Problem 3: Insurance Claims

Problem

An insurance company models the number of claims per day as a Poisson(λ=3) random variable. Each claim costs $1000.

  1. What is the probability of exactly 5 claims in a day?
  2. What is the expected daily cost?
  3. What is the probability of more than 5 claims?

Solution

from scipy.stats import poisson

lam = 3
cost_per_claim = 1000

# (a) P(X = 5)
p_5 = poisson.pmf(5, lam)
print(f"(a) P(X = 5) = {p_5:.4f}")
print(f"    Formula: λ^5 * e^(-λ) / 5! = 3^5 * e^(-3) / 120")

# (b) Expected daily cost
# E[Cost] = E[1000 * X] = 1000 * E[X] = 1000 * λ
E_cost = cost_per_claim * lam
print(f"\n(b) E[Daily Cost] = 1000 × E[X] = 1000 × {lam} = ${E_cost}")

# (c) P(X > 5) = 1 - P(X <= 5)
p_gt_5 = 1 - poisson.cdf(5, lam)
print(f"\n(c) P(X > 5) = 1 - P(X ≤ 5) = {p_gt_5:.4f}")

# Verify with simulation
X_sim = np.random.poisson(lam, size=100000)
print(f"    Simulated: {(X_sim > 5).mean():.4f}")
(a) P(X = 5) = 0.1008
    Formula: λ^5 * e^(-λ) / 5! = 3^5 * e^(-3) / 120

(b) E[Daily Cost] = 1000 × E[X] = 1000 × 3 = $3000

(c) P(X > 5) = 1 - P(X ≤ 5) = 0.0839
    Simulated: 0.0848

Problem 4: Quality Control

Problem

A factory produces items with a 5% defect rate.
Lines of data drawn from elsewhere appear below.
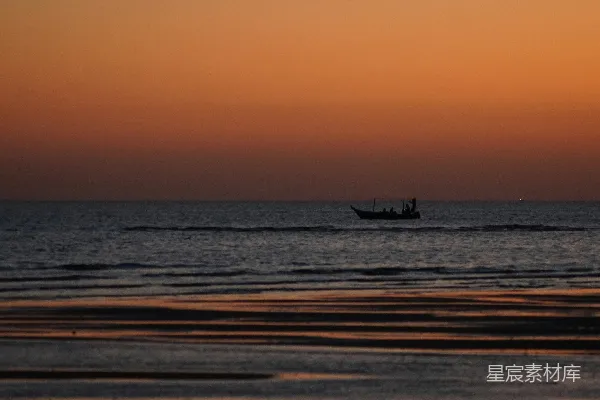 高清摄影 夕阳下船只驶过大海。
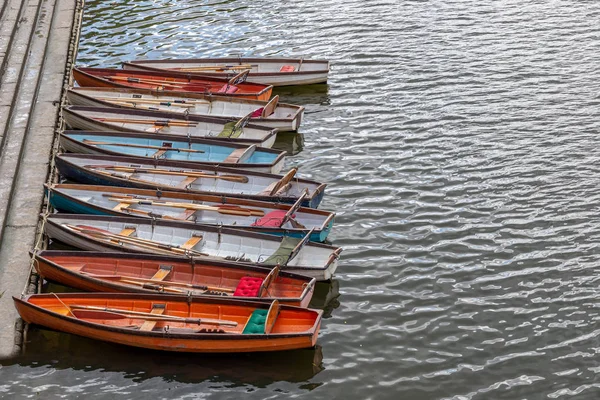 Barcos de madeira para aluguer ancorados no rio Tamisa — Fotografia de Stock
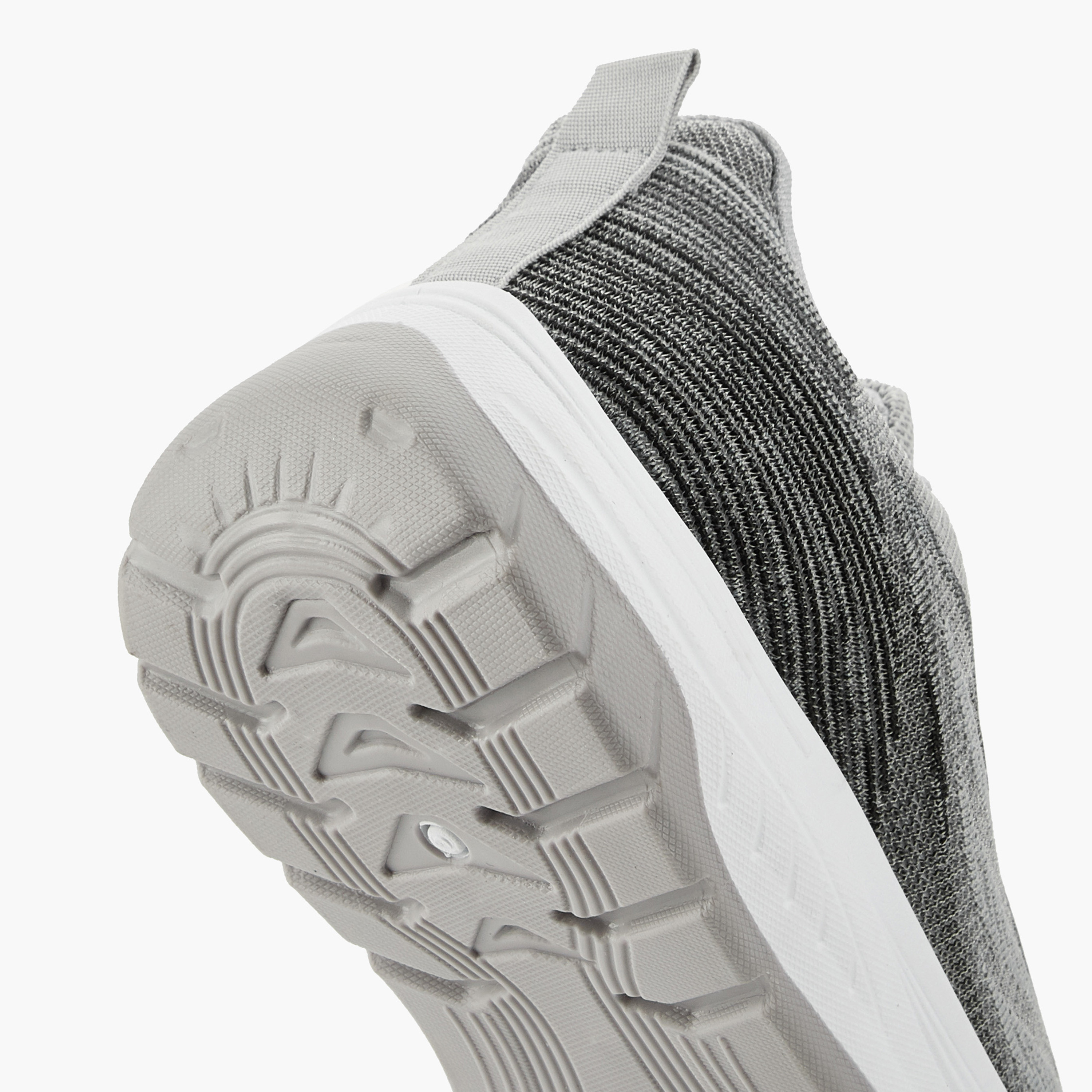 حذاء رياضي رجالي برباط من أوكلان من شو إكسبريس-men-shoes-sports-image-5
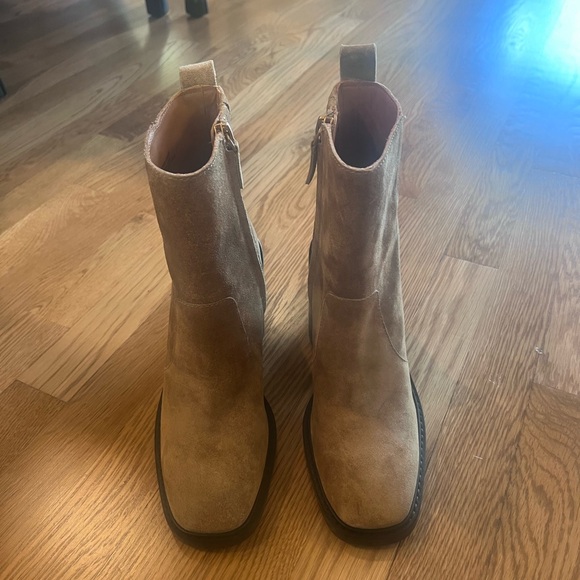 NWOT Camel Suede TORY BURCH Ankle Boots - Picture 2 of 6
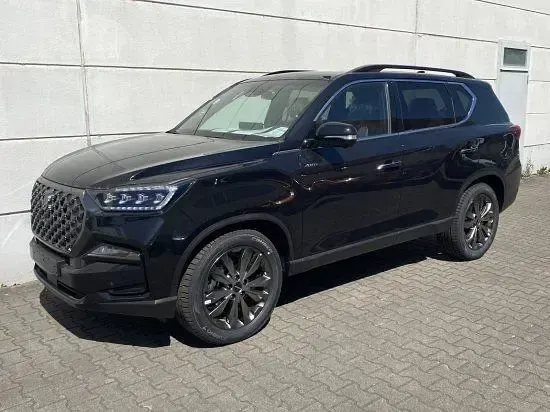 Usata SsangYong Rexton 201 CV (147 kW) 2025 Nero SUV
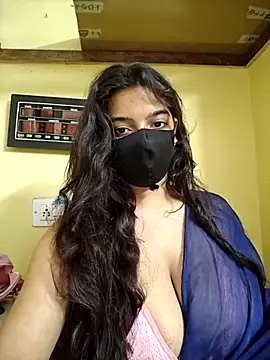 vanika2000 online show from 07-07-26, 04:15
A batch of 20 items is inspected.

  1. What is the probability of exactly 2 defective items?
  2. What is the probability of at most 2 defective items?
  3. What is the expected number of defective items?
  4. If each defective item costs $50 to fix, what is the expected repair cost per batch?

Solution

from scipy.stats import binom

n = 20  # batch size
p = 0.05  # defect rate
fix_cost = 50

# (a) P(X = 2)
p_2 = binom.pmf(2, n, p)
print(f"(a) P(X = 2) = {p_2:.4f}")

# (b) P(X <= 2)
p_leq_2 = binom.cdf(2, n, p)
print(f"\n(b) P(X ≤ 2) = P(X=0) + P(X=1) + P(X=2)")
print(f"    = {binom.pmf(0, n, p):.4f} + {binom.pmf(1, n, p):.4f} + {binom.pmf(2, n, p):.4f}")
print(f"    = {p_leq_2:.4f}")

# (c) E[X]
E_X = n * p
print(f"\n(c) E[X] = n × p = {n} × {p} = {E_X}")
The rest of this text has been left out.